» **Action item**:
Go line by line through the entries and show those that hold the string "items".

» **Material provided**:
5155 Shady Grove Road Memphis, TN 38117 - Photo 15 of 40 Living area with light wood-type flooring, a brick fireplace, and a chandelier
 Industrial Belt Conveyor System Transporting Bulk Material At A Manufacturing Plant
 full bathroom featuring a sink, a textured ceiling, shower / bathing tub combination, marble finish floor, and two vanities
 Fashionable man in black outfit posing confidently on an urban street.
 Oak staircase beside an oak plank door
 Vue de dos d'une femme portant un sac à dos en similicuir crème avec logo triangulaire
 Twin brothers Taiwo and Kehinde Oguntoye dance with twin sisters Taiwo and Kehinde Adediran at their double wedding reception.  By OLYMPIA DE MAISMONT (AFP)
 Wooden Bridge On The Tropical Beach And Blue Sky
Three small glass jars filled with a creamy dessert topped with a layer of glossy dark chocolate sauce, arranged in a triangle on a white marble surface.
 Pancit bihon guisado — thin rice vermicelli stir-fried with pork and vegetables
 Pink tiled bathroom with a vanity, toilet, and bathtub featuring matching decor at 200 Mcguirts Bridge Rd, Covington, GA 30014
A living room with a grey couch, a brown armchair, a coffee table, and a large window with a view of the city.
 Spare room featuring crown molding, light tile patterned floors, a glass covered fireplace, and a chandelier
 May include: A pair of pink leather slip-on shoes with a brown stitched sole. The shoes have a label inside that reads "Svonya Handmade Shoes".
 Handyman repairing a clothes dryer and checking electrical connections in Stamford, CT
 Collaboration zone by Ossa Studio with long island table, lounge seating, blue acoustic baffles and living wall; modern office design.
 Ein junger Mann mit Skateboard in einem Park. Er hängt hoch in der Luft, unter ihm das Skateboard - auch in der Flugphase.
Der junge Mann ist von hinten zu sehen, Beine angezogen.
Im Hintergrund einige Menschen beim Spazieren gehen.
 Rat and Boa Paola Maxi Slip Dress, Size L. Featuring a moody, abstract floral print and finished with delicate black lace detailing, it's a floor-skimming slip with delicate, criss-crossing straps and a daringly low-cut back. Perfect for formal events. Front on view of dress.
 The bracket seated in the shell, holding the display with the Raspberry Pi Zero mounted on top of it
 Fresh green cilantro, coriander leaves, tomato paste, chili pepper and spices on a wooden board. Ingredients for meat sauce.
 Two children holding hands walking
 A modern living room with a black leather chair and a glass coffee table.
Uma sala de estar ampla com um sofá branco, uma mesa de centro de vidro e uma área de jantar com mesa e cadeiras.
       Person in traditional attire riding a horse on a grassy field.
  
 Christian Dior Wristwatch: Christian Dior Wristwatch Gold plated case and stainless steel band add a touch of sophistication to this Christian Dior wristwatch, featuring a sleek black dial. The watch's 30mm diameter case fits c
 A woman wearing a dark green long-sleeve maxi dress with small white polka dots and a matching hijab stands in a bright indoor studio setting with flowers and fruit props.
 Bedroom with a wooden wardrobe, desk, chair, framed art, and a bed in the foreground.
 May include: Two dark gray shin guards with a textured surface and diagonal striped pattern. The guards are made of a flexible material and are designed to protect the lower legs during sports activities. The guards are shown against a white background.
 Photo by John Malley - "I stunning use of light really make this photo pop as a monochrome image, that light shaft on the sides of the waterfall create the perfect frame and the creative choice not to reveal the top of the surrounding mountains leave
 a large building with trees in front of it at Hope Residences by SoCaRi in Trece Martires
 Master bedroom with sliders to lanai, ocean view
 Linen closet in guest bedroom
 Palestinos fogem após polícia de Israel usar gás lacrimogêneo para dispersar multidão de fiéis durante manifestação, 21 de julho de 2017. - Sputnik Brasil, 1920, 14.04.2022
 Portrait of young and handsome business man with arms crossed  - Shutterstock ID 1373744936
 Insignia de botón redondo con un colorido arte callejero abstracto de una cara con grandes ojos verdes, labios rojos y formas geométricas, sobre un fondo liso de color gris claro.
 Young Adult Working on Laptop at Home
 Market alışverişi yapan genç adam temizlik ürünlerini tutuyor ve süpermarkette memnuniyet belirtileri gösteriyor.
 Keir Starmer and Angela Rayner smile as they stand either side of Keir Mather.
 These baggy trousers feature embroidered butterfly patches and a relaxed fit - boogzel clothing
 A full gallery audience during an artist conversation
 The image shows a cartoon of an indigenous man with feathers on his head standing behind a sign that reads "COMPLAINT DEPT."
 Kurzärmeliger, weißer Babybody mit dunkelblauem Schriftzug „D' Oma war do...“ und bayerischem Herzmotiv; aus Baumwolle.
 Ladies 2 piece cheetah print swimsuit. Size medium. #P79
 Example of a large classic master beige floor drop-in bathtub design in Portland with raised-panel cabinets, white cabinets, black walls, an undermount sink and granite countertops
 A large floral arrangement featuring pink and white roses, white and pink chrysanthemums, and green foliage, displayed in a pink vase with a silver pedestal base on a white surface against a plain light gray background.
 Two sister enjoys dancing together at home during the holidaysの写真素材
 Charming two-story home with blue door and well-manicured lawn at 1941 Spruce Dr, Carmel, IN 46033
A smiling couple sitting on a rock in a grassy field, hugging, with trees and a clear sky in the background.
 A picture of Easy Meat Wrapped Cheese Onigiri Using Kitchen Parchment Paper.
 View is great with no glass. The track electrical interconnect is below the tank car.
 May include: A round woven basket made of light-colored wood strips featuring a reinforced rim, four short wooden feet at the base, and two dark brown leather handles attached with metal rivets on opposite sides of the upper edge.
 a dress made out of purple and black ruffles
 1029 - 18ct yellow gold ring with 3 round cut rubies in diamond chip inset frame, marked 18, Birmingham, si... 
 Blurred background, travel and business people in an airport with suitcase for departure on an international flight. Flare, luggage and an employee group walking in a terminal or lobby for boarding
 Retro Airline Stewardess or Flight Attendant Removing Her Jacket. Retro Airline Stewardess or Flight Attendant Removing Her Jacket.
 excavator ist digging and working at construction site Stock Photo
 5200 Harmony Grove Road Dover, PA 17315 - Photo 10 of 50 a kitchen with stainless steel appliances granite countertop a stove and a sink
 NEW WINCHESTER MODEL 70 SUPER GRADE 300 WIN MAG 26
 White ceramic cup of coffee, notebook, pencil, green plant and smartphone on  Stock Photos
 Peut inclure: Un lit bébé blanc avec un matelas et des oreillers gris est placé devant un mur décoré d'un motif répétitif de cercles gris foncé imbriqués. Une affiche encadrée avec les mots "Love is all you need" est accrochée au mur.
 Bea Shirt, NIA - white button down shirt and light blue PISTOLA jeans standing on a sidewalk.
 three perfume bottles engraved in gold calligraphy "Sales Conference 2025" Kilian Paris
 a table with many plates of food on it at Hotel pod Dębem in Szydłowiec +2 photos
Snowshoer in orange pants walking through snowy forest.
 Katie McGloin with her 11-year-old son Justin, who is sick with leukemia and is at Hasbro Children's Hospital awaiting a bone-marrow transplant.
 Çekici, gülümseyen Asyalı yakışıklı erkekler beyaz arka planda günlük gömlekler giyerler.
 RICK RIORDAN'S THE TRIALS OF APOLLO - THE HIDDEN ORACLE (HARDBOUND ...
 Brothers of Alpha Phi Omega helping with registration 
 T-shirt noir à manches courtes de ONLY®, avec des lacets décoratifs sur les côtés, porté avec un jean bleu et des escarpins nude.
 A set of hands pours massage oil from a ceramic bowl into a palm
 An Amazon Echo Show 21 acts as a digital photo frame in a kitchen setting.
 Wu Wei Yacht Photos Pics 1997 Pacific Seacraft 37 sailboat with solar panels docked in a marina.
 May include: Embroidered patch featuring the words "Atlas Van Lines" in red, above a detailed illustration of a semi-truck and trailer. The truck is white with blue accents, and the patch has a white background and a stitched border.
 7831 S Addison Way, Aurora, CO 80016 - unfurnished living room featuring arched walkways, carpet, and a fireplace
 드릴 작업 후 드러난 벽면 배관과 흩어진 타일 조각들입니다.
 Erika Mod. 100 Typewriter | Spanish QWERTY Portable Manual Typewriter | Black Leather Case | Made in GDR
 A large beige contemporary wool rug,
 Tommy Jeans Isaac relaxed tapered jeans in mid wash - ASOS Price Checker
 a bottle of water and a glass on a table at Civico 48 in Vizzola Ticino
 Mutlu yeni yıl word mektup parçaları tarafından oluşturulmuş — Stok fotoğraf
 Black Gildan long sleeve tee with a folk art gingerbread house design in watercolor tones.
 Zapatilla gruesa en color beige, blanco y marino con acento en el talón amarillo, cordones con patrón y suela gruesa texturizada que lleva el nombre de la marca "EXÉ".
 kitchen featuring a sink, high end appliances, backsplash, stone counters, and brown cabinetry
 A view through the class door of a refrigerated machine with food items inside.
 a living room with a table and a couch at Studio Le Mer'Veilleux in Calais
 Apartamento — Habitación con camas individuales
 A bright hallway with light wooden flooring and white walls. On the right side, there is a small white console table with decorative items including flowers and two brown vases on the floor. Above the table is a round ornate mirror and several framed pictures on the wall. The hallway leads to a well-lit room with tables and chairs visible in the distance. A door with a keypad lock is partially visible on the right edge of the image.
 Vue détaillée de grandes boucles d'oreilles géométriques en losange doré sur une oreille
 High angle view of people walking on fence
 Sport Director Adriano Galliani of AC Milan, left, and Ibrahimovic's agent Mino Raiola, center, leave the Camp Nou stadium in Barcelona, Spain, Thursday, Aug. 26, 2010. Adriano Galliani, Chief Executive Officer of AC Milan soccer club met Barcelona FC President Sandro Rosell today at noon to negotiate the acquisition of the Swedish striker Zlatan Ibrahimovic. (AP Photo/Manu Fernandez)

» **Answer for the task**:
 A view through the class door of a refrigerated machine with food items inside.
 A bright hallway with light wooden flooring and white walls. On the right side, there is a small white console table with decorative items including flowers and two brown vases on the floor. Above the table is a round ornate mirror and several framed pictures on the wall. The hallway leads to a well-lit room with tables and chairs visible in the distance. A door with a keypad lock is partially visible on the right edge of the image.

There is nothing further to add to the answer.